Our students can prepare themselves for a successful career in areas such as biostatistics, bioinformatics/genomics, data science, statistical computing and mathematical statistics, in academia or in the public or private sector. Check out our alumni, who can be found in a number of different professional roles.  See the Statistics Graduate Student Association's website if you would like to read more about life as a graduate student in the department.


At the MSc level, we offer a degree in Statistics and, in collaboration with the School of Population and Public Health, a degree in Statistics with a Biostatistics option. Students can choose to do a thesis, a final project or an 8-month full-time co-op placement (internship) outside the Department. The programs have an expected completion time of less than 2 years. Upon completion, students will be well-equipped to take on positions as statisticians in government or industry or to continue in a PhD program in statistics.

In collaboration with the Department of Computer Science, we also offer a professional MSc degree in Data Science, which is administered separately.  For more information, please see the Master of Data Science web page.

While one can certainly develop expertise in bioinformatics from within the Statistics MSc, one can also obtain a degree in Bioinformatics.


Students completing our PhD program will be well-prepared for a job in academia, industry, government and a variety of research-driven units. The program involves some course work, an innovate qualifying process based on reading of research papers with individual faculty members, a comprehensive exam on the proposed thesis research, and, of course, a PhD thesis. We expect students to complete the program in 4 years.

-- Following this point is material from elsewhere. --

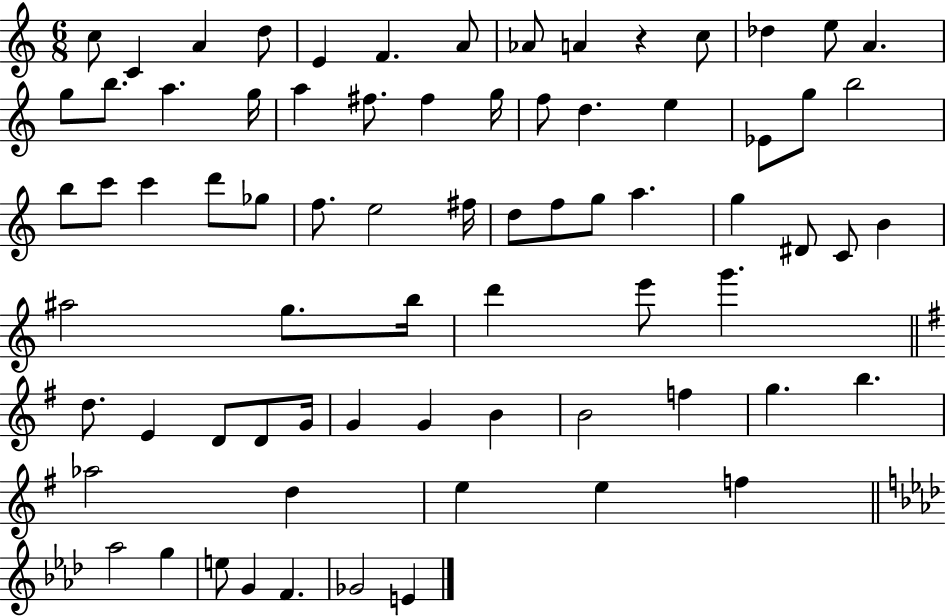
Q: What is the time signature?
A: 6/8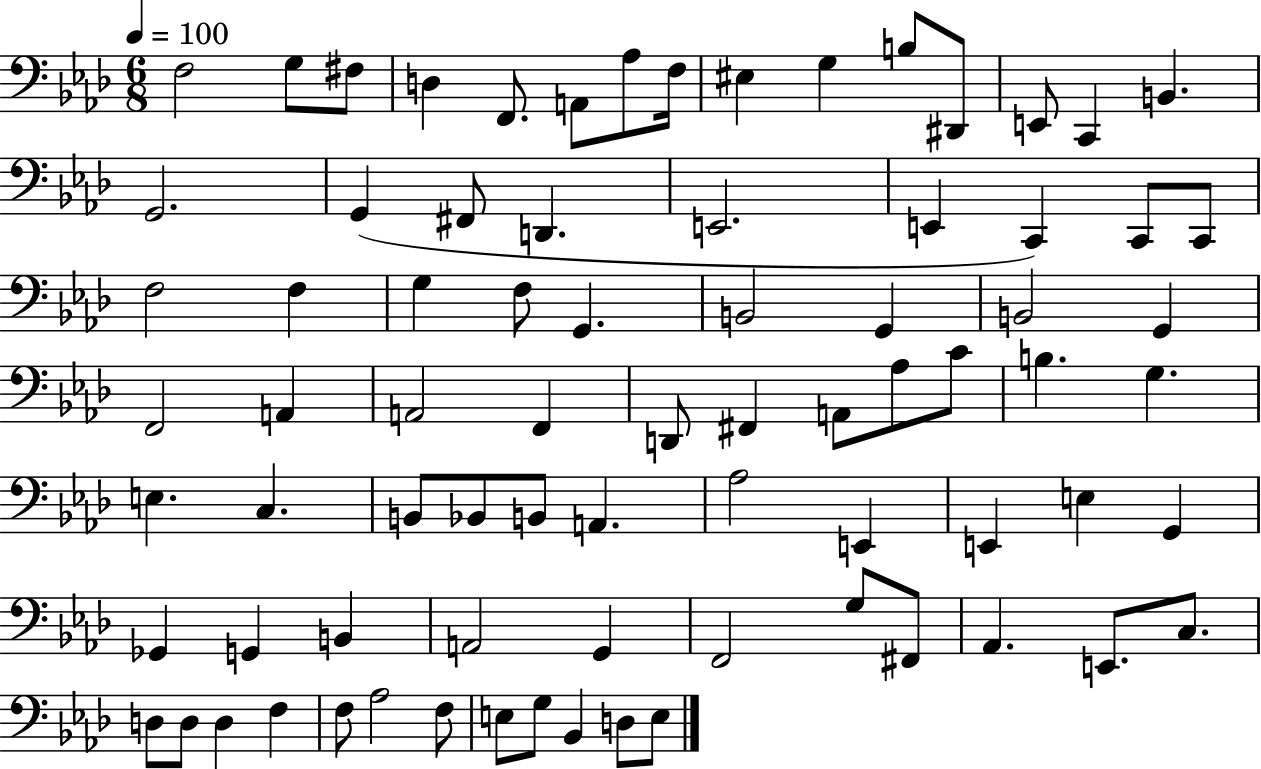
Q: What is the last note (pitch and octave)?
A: E3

Goals of our MSc and PhD programs

Students in the MSc and PhD programs will develop the following skills:

  • communication skills: e.g., explaining or reporting statistical results to non-statisticians, such as managers;
  • a broad base of knowledge of modern statistical methods, including computing;
  • the ability to choose appropriate analyses when presented with a real problem and to understand the implications of these analyses (assumptions, shortcomings, interpretation of results);
  • the ability to learn after finishing the degree: i.e., to learn new statistical techniques from textbooks and journal articles, modifying the techniques, if necessary.

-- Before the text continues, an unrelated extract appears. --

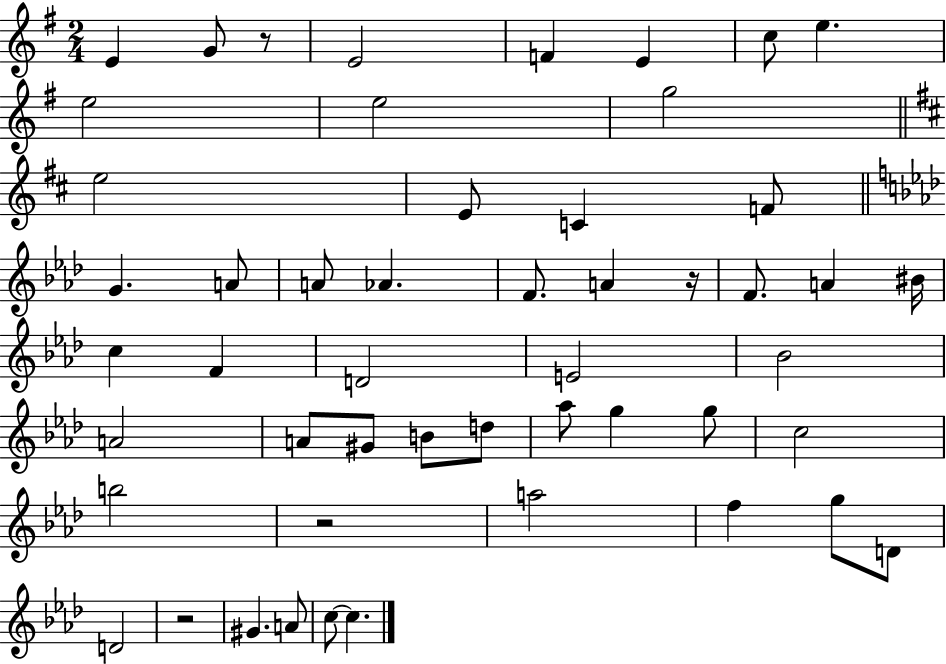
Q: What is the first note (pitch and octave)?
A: E4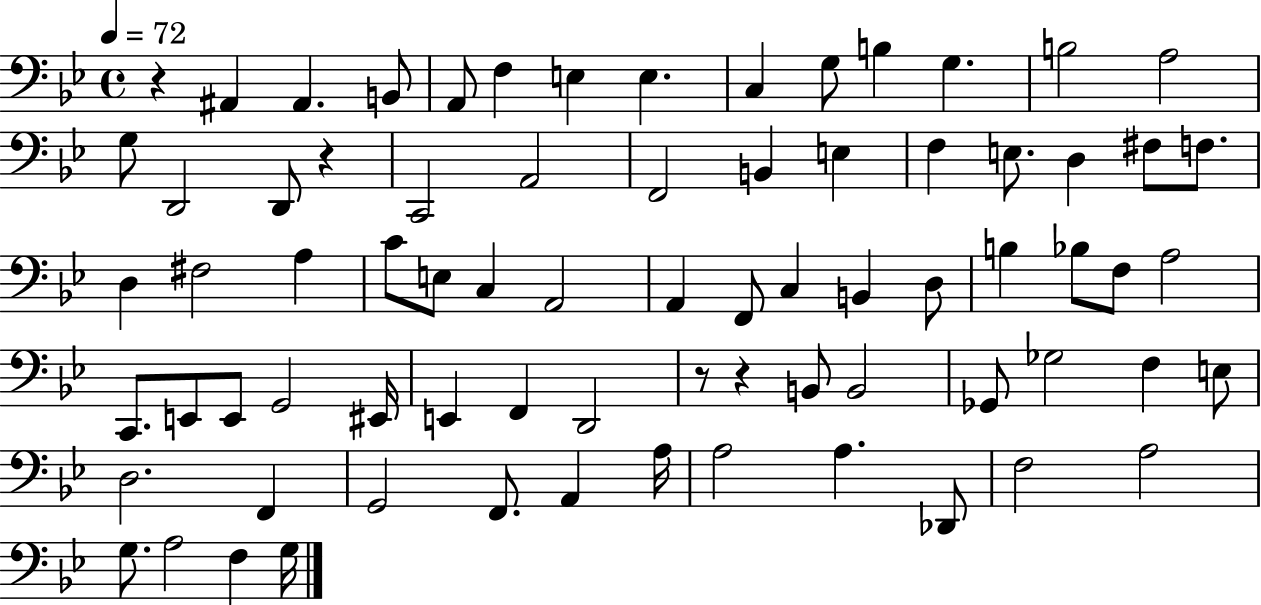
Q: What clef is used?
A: bass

Students develop these skills through a variety of activities. Courses typically combine traditional lecture-based learning with some in-class active learning and independent learning. Students are expected to read relevant journal articles, download software from the web, analyze difficult data sets, and present and discuss their findings with their classmates. New statistical problems and approaches are discussed in the weekly department research-level seminar. Graduate students discuss their research and other topics of interest in a weekly student-run seminar series.  Many applied consulting problems are discussed in the Statistics 551 consulting practicum. Many students serve as research assistants, often working directly with researchers in other areas such as medicine. Students also develop the above skills while working on their MSc and PhD theses or MSc projects.

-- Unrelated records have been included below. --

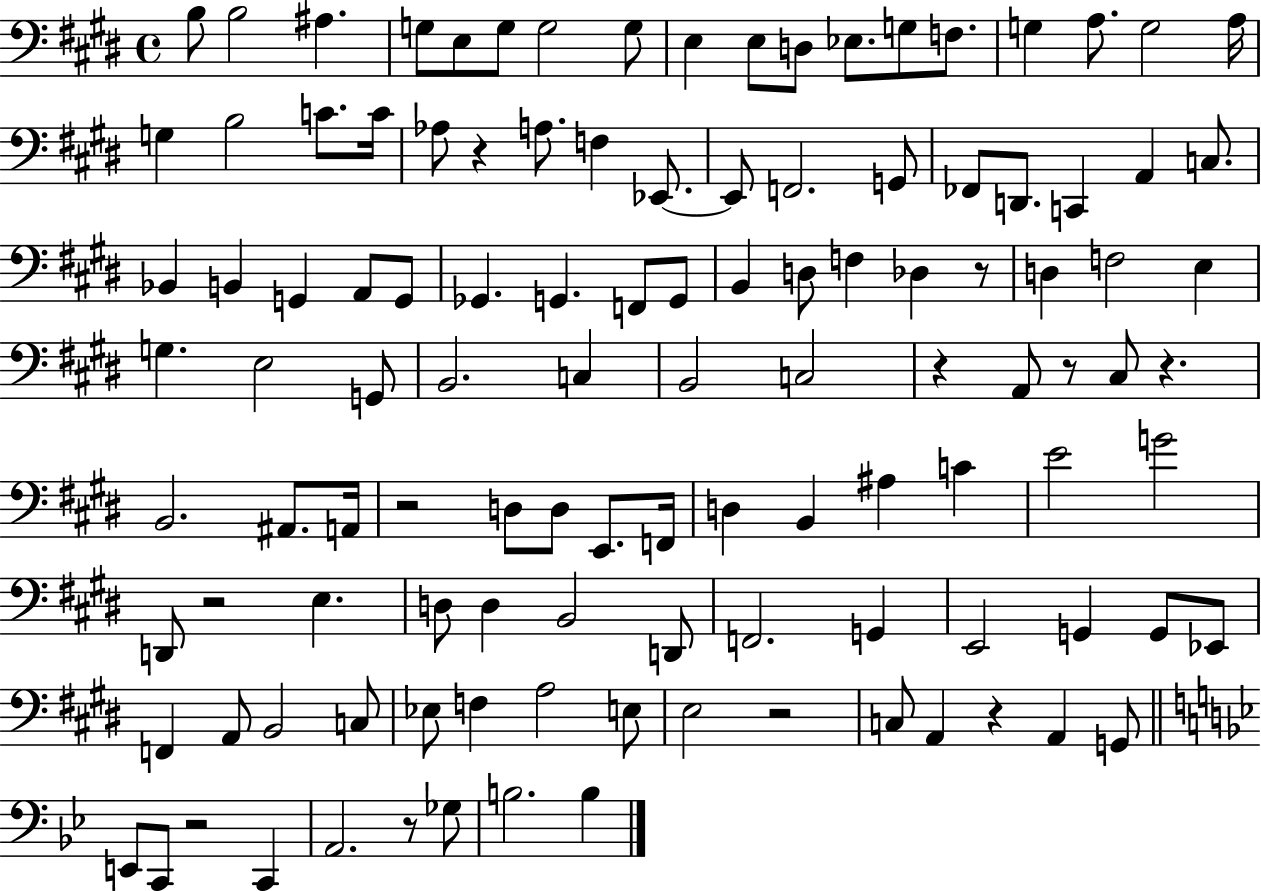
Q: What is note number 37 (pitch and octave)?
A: G2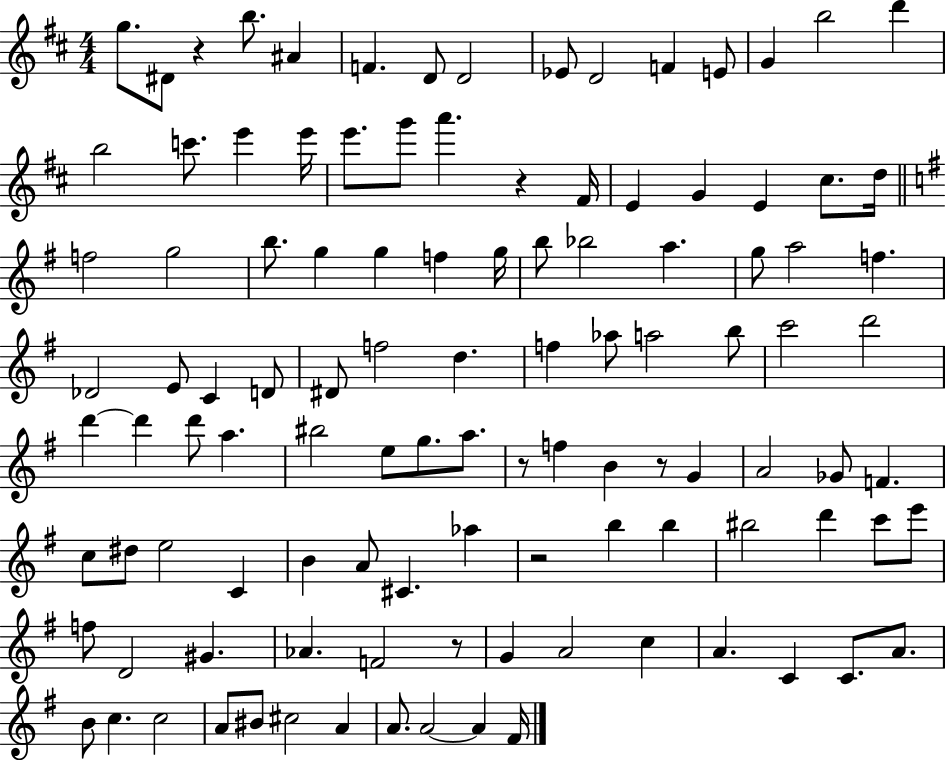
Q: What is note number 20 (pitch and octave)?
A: G6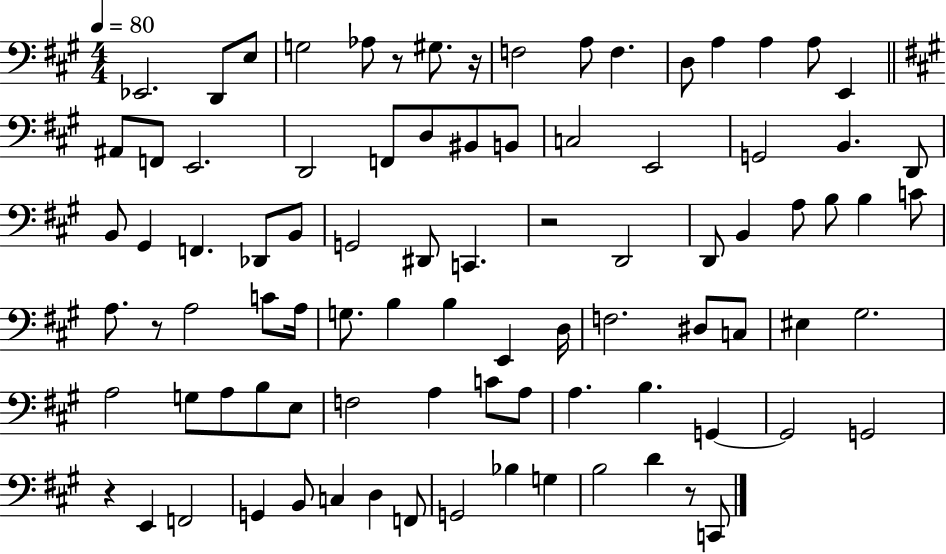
{
  \clef bass
  \numericTimeSignature
  \time 4/4
  \key a \major
  \tempo 4 = 80
  ees,2. d,8 e8 | g2 aes8 r8 gis8. r16 | f2 a8 f4. | d8 a4 a4 a8 e,4 | \break \bar "||" \break \key a \major ais,8 f,8 e,2. | d,2 f,8 d8 bis,8 b,8 | c2 e,2 | g,2 b,4. d,8 | \break b,8 gis,4 f,4. des,8 b,8 | g,2 dis,8 c,4. | r2 d,2 | d,8 b,4 a8 b8 b4 c'8 | \break a8. r8 a2 c'8 a16 | g8. b4 b4 e,4 d16 | f2. dis8 c8 | eis4 gis2. | \break a2 g8 a8 b8 e8 | f2 a4 c'8 a8 | a4. b4. g,4~~ | g,2 g,2 | \break r4 e,4 f,2 | g,4 b,8 c4 d4 f,8 | g,2 bes4 g4 | b2 d'4 r8 c,8 | \break \bar "|."
}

And, of course, teaching is a great way to improve communication skills. Serving as a teaching assistant not only supports the department's undergraduate education activities, but also develops important skills.

PhD students will develop these additional skills:

  • the ability to communicate to research statisticians both verbally and in writing, by giving papers/posters at conferences, for example;
  • statistical maturity;
  • creativity and originality: ability and potential to generate and solve "good" research problems;
  • a deep knowledge of a speciality;
  • library skills and grant writing skills;
  • the ability to teach an introductory statistics class.